My friend Matt writes in response to our post on the Congo titled Add Congo to the List:

Thanks for your recent Congo post, Dick. I had just watched a documentary called The Greatest Silence: Rape in the Congo. A student had bought the rights to show it for her high school culminating project and then let me borrow the DVD. It was unimaginable. Unimaginable. Hundreds of thousands of women and girls and small children gang-raped. Hundreds of thousands!! And their SVU (special victims unit) for the entire country consists of ONE woman with no budget.

The men gang-rape with impunity. And they don't just gang-rape, they then destroy the women's genitalia with rods and poles. It's demonic. Purely demonic. And the few people who can stand to work for justice there have the aura of Christ. I don't know how they do it. The film is also somewhat helpful in explaining the situation in the Congo and how hopeless it is. That's crushing. I'd like to turn to lighter news, but would feel flippant if I did.

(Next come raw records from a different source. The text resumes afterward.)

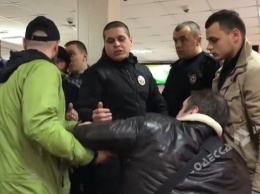 Протеже одесского губернатора выгнал журналиста из зала суда с помощью полиции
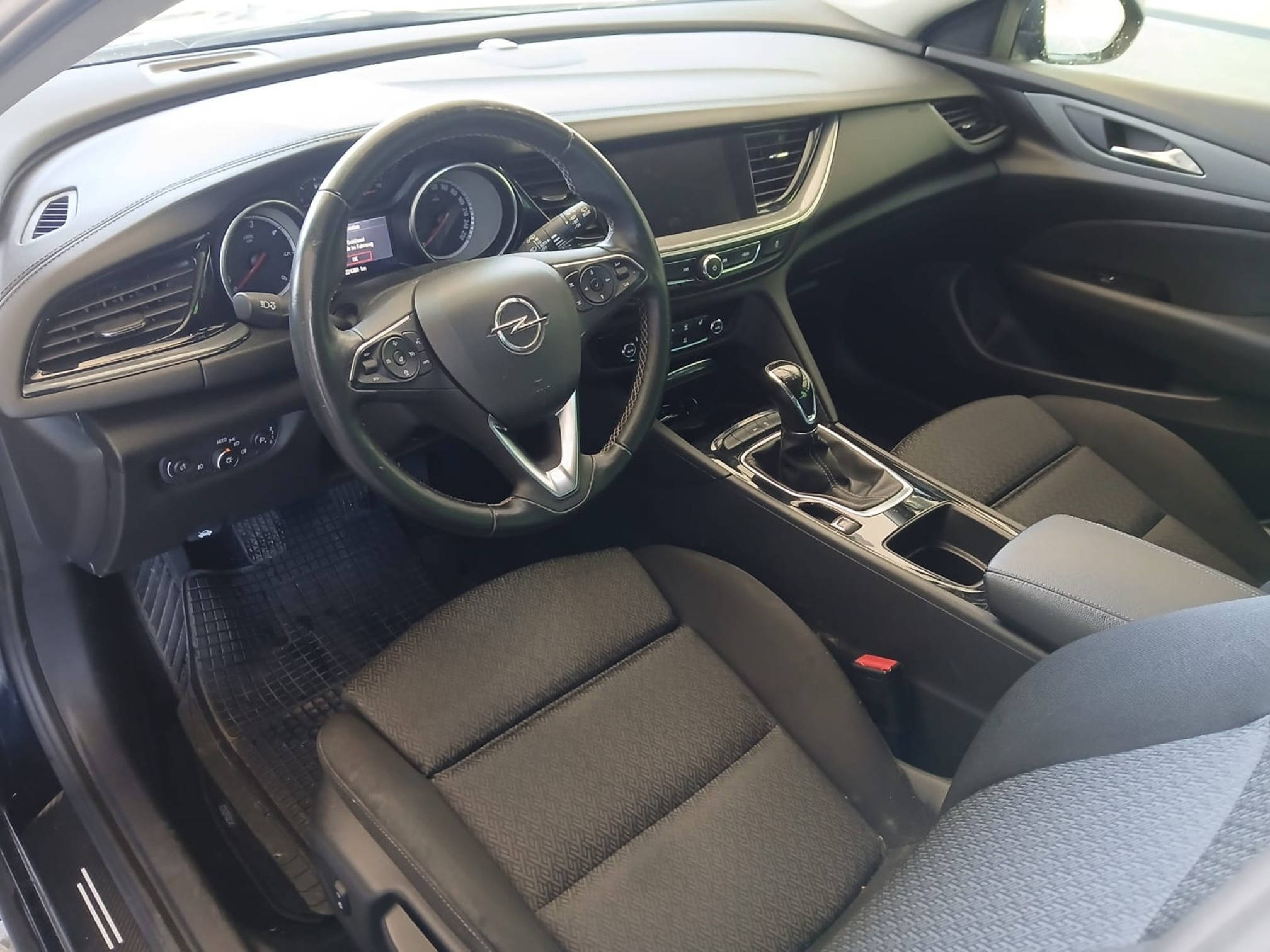 OPEL Insignia Sports Tourer — zdjęcie 12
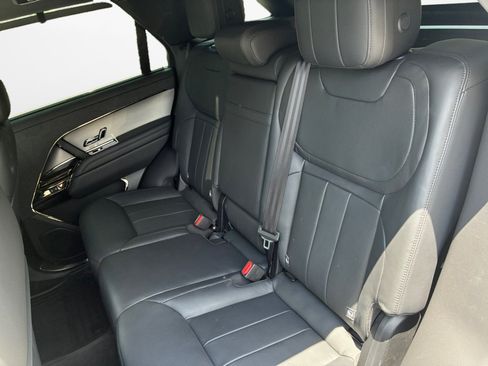 Used 2025 Land Rover Range Rover Sport Dynamic SE AWD/4WD image 12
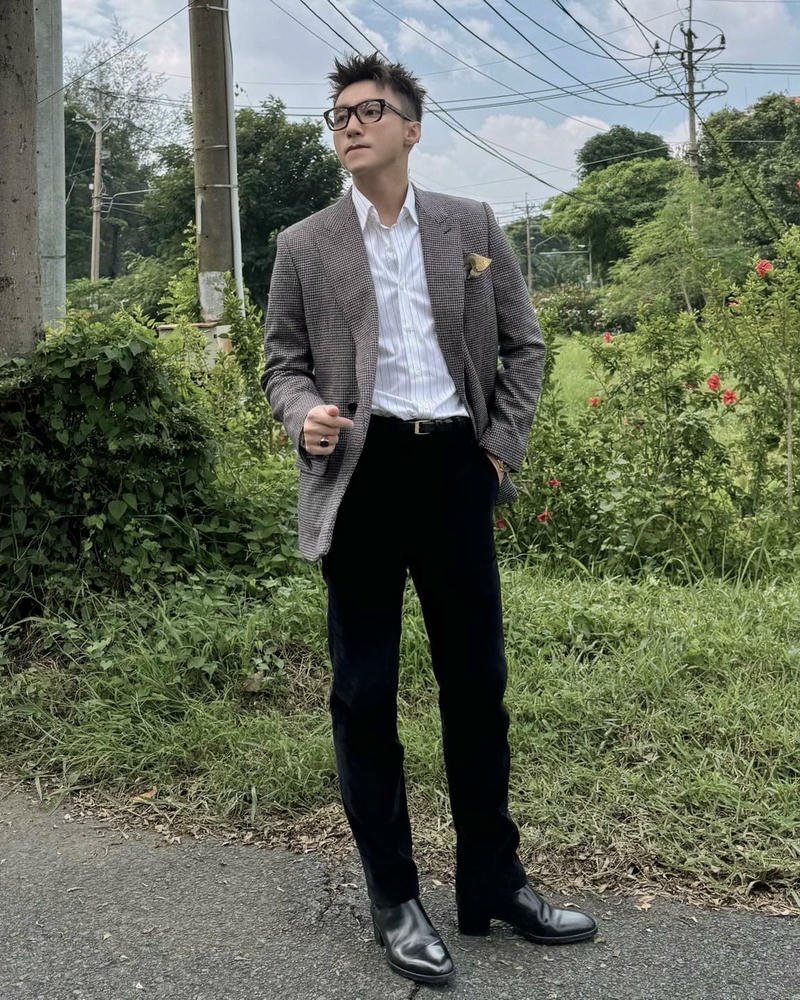 Ánh mắt sâu Sơn Tùng MTP trong hình nền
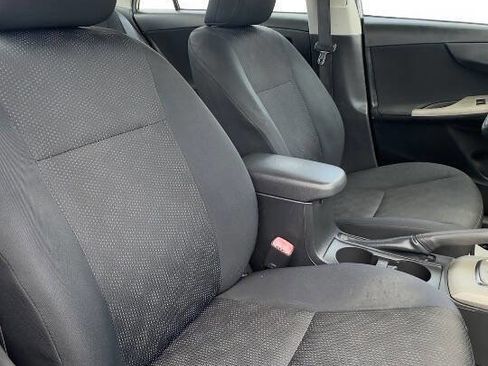 Used 2010 Toyota Corolla S image 13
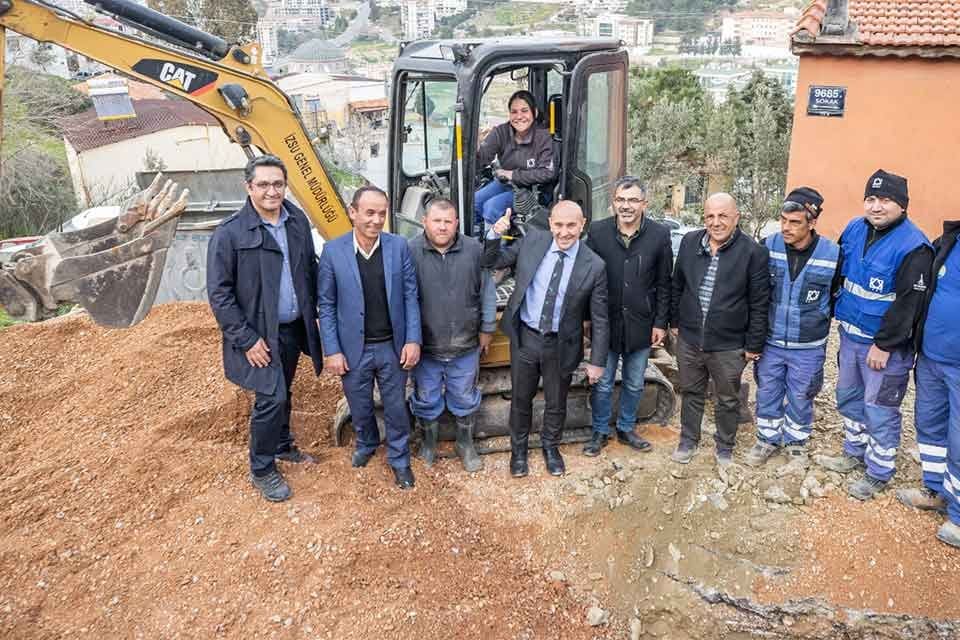 İzmir B&uuml;y&uuml;kşehir Belediye Başkanı Tun&ccedil; Soyer&rsquo;in kentin refahını eşit paylaştırma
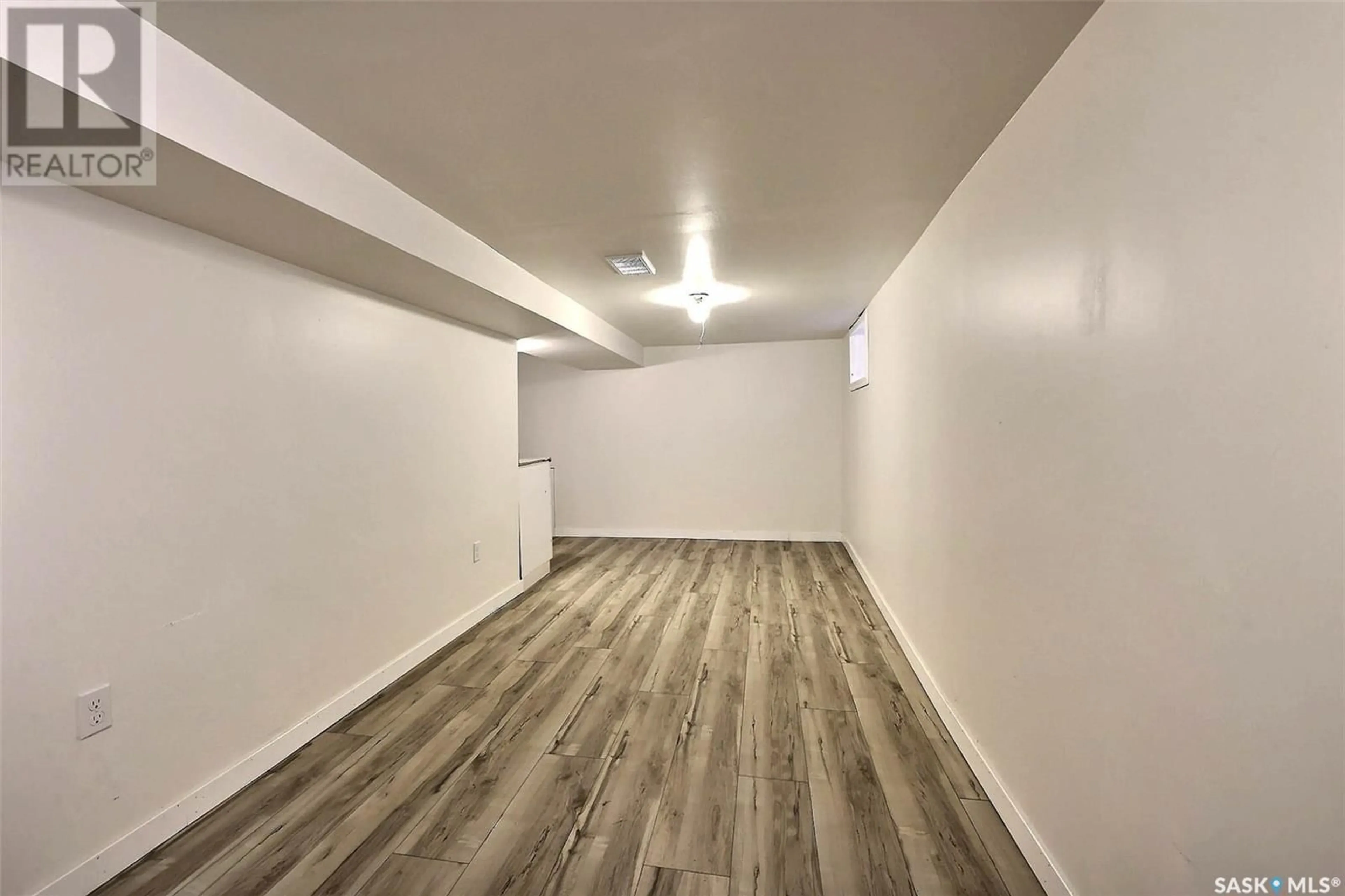 A pic of a room for 2248 OSLER STREET, Regina Saskatchewan S4P1W8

Matt also recommends the documentary WarDance which he describes as "the most impressively and artistically crafted of all the films I've seen on Africa, and the most honestly crushing and uplifting film. The others rarely give you stories of hope amidst the horror. I have to believe that's partly because there is no hope, but as Christians we have to believe there is. Wardance leaves room for that."

He goes on to commend another documentary that we've talked about on Viewpoint in the past titled As We Forgive which is an amazing story of forgiveness and reconciliation in Rwanda in the wake of the savage genocide that occurred there in the '90s. Matt notes that it won the academy award for best documentary by a student filmmaker.

I hope that Viewpoint readers will take the time to watch at least one of these films. They're all eye-openers which will doubtless shatter our naive complacency about the world in which we live. I've added them to my Netflix queue.